Exercise instructions> Write out, please, each line from the one containing "Détail macro du" to the final line of the data, both included, exactly and without pictures.

*** Input for this task Section Begins ***

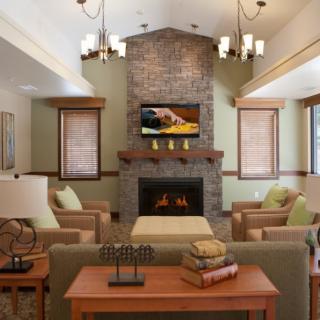 A cozy living room featuring a central fireplace, comfortable sofas, and a TV above the mantel.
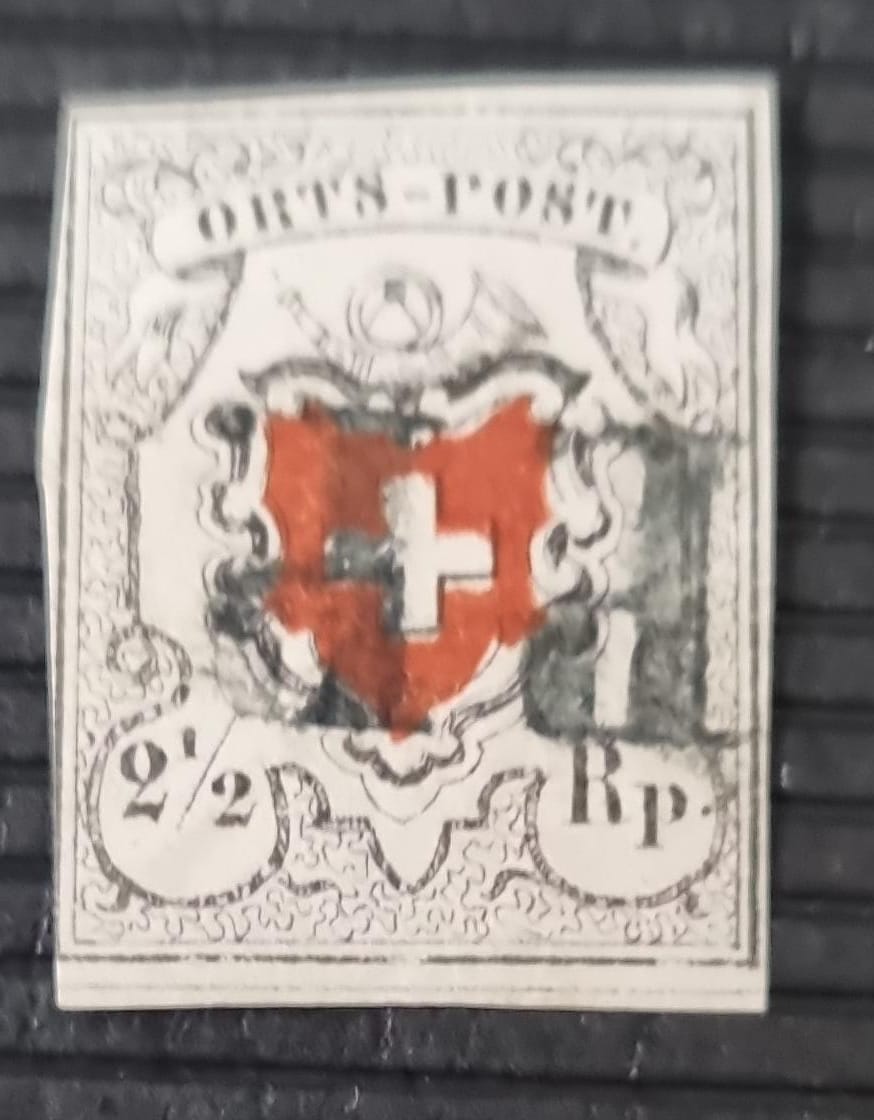 Ortspost  mit Kreuzeinfassung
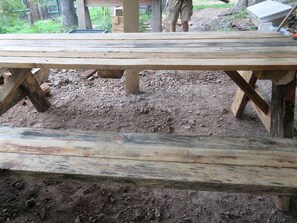 A rustic wooden picnic table with a simple, sturdy design, set in a natural, outdoor environment.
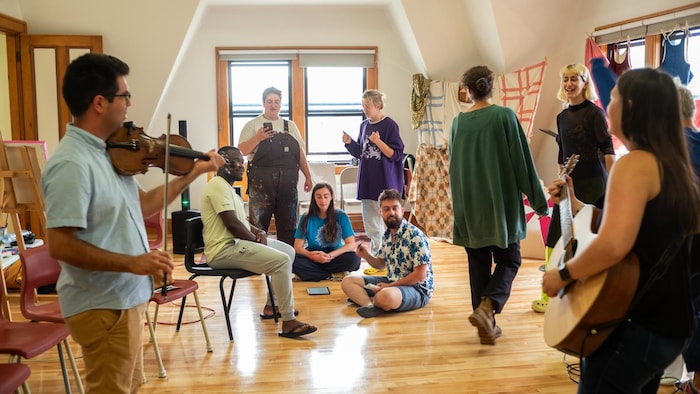 Des gens dansent et écoutent de la musique dans un grenier. 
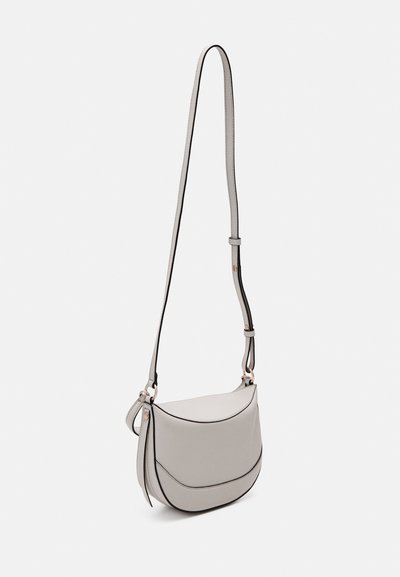 Gray crossbody bag with a curved design, featuring black piping accents and a thin adjustable strap; smooth texture and minimalistic style.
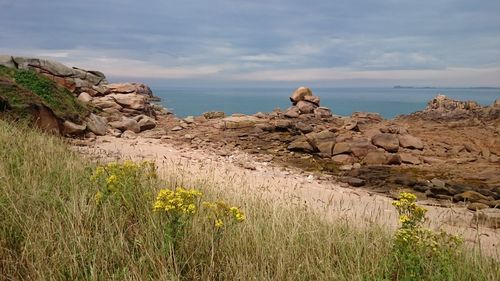 Rock formations by sea against sky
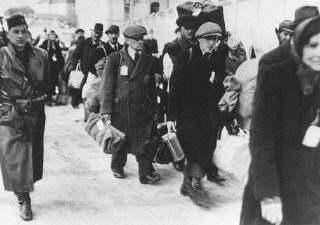 Deportation of Slovak Jews. The victims wear tags and...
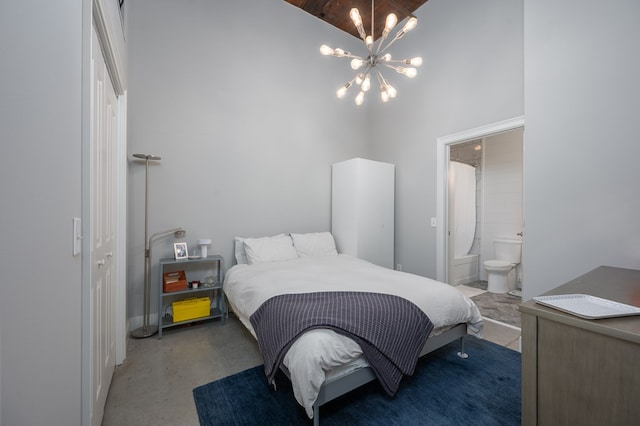 1201 Front Ave Unit 419, Columbus, GA 31901 - bedroom with a chandelier, a towering ceiling, concrete flooring, and ensuite bathroom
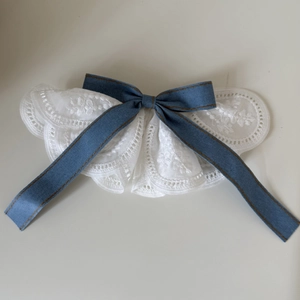 Détail macro du col en dentelle blanche orné d'un nœud en ruban de denim bleu
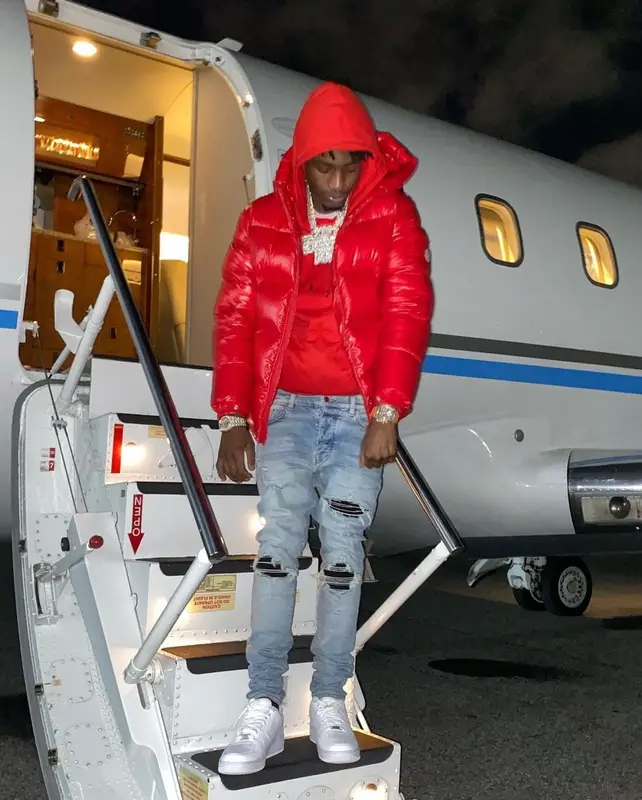 Lil Tjay outfit in Moncler, Dior, and Amiri, 2021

*** Input for this task Section Ends ***

Task answer>
 Détail macro du col en dentelle blanche orné d'un nœud en ruban de denim bleu
 Lil Tjay outfit in Moncler, Dior, and Amiri, 2021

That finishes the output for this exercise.